After the 311-76 defeat in the vote Murray, a leading supporter of Open Britain, said the fight for membership of the customs union was “far from over”.
“The government’s reckless, ideological decision to pull us out of the customs union will damage trade with the EU, our biggest economic partner, and risk chaos at our ports with lorries backing up motorways as they face reams of new red tape. And it will make a hard border between Northern Ireland and the Republic of Ireland inevitable,” he added.
“Customs union membership is simply the best economic option for our country. Leaving it for fantasy new trade deals which cannot replicate the trade we do with Europe is no solution.”
This morning Murray turned his fire on the Labour leadership. In a blog for the Huffington Post, he wrote: “I’ve tried to use the mechanisms of parliament to make the government see sense and do what is right for the country and not their narrow party interest (and there are some brave and sensible souls on the Tory benches like Anna Soubry and Ken Clark). I expected to lose, but I didn’t expect my own party frontbench to aid and abet them.”
Barry Gardiner, the shadow trade secretary, defended the Labour leadership and said the whip imposed had just been one-line, rather than the toughest three-line level of discipline.
“[The] amendment would have stopped Treasury from applying any tariffs or quotas to goods in or out of EU after Brexit. It did NOT keep us in Customs Union as EU could still impose tariffs on us!,” he wrote on Twitter.
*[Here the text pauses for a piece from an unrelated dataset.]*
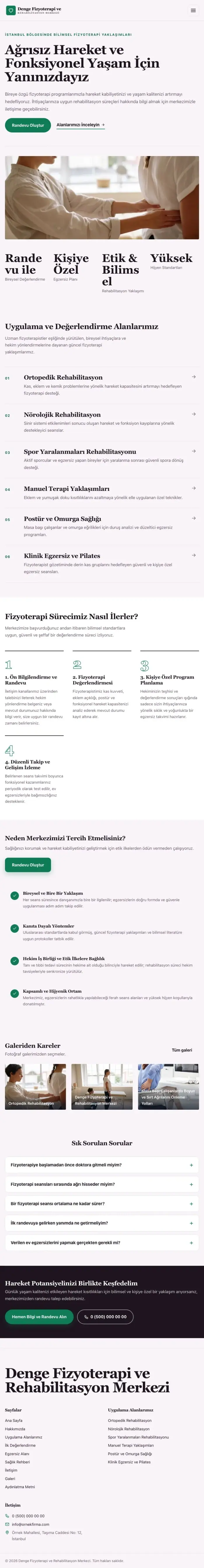 Editoryal Mor Turkuaz – Fizyoterapi Web Sitesi tablet görünümü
“WTO’s ‘most favoured nation’ rule says unless you have a specific trade agreement you must give all countries the same tariff & quota deal as you give the most favoured. So if you can’t give tariffs to EU you can’t to anyone else either!
“So amendment would mean: i)Under No Deal the U.K. could not impose ANY tariffs or quotas. ii)even if we had a Customs Union Agreement with the EU but had a dispute over dumping we would not be able to impose any countervailing tariff to defend our industry Hope that helps!”